Billionaire financier Carl C. Icahn said yesterday that he plans to meet with the chief executive of Time Warner Inc. to try to pressure the company to spin off its cable-television assets, a move that Icahn believes will boost the media company's stock.
Time Warner's cable and high-speed Internet operations make up less than a quarter of the company's total $42 billion annual revenue. Without the cable operations, Time Warner's empire would still include Warner Bros. Entertainment Inc., New Line Cinema Corp., Dulles-based America Online Inc. and a publishing operation.
The New York-based company said its chief executive, Richard D. Parsons, has proposed a meeting this week to discuss Icahn's views.

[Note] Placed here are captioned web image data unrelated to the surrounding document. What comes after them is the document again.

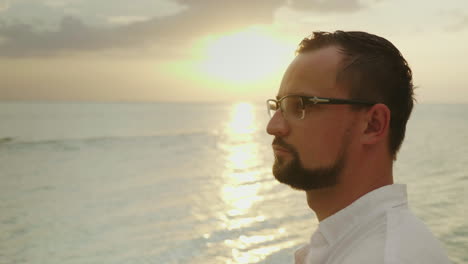 Retrato-De-Un-Joven-En-Una-Playa-Tropical-Con-Una-Camisa-Fácil,-Sonríe-Y-Mira-A-La-Cámara-Wea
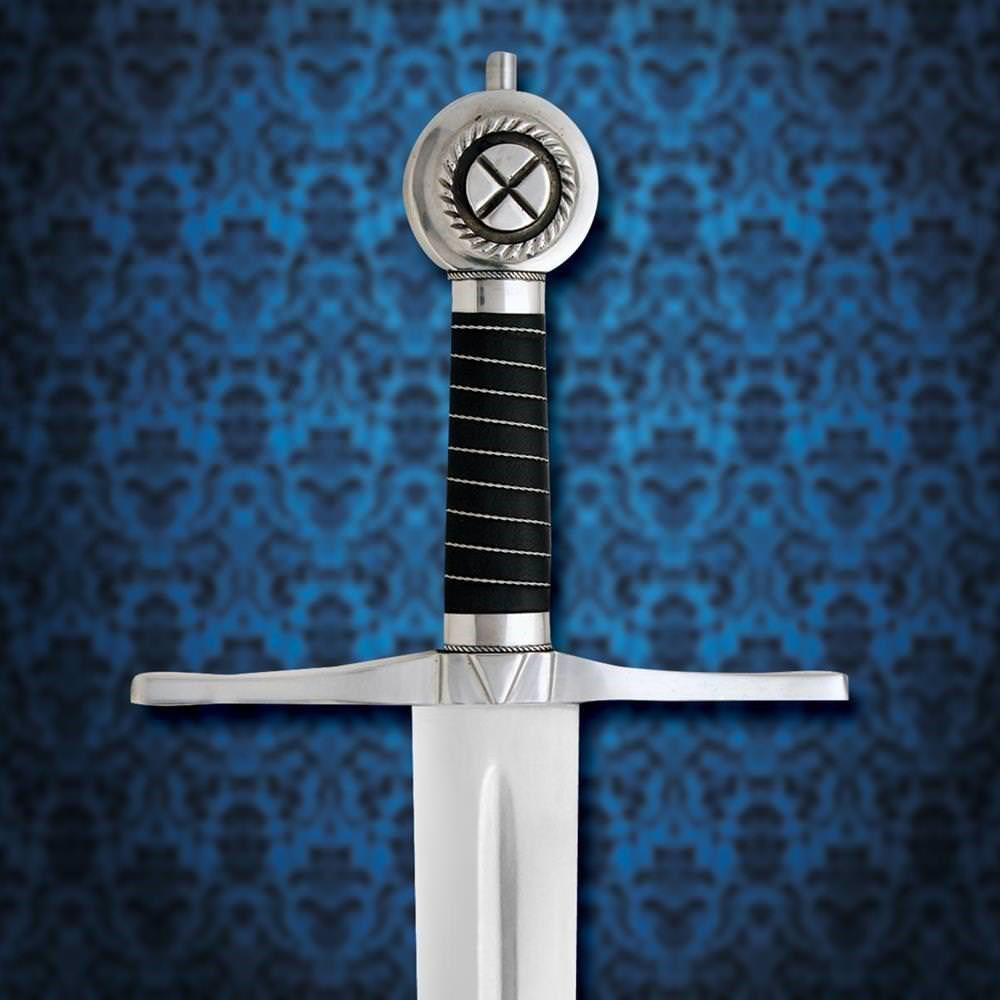 The pommel on the Robert the Bruce sword has Cross of St. Andrew, grip is black leather with a silver chain wrap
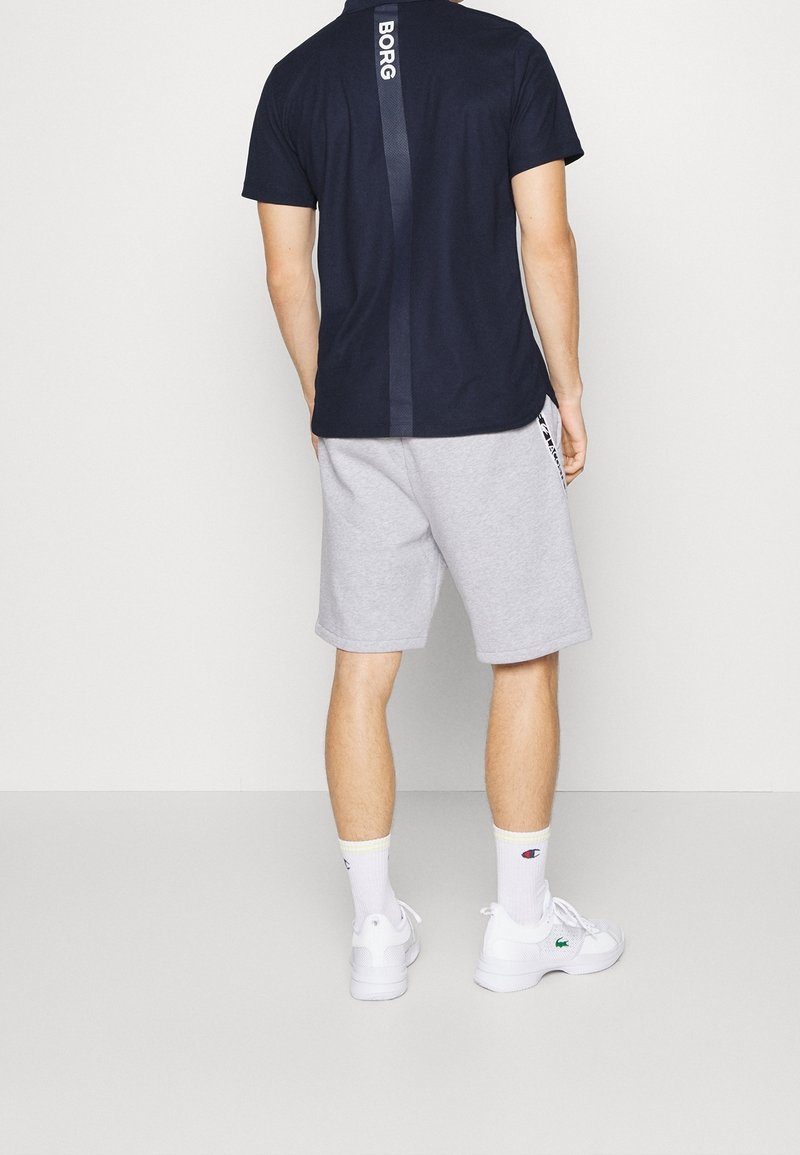 T-shirt bleu foncé à manches courtes avec logo BORG et short gris. Chaussettes blanches et baskets complètent la tenue décontractée. Design simple et sportif.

Icahn made his multibillion-dollar fortune through a number of investments in casinos, hotels, airlines and Reston-based telecommunications company XO Communications Inc., and has a long history of bending companies to his will, either through shareholder activism or by buying up large stakes in companies.
In a statement issued yesterday, Icahn said that Time Warner's management "has done a commendable job managing each of their various businesses" but that the stock does not reflect the value of its "well positioned and unique assets."
Time Warner spokesman Edward I. Adler said, "Our board and our management are committed to creating long-term value for all shareholders, and we have been on a course that demonstrates that commitment." He added that the company would "speak with any interested shareholders who have relevant views or opinions."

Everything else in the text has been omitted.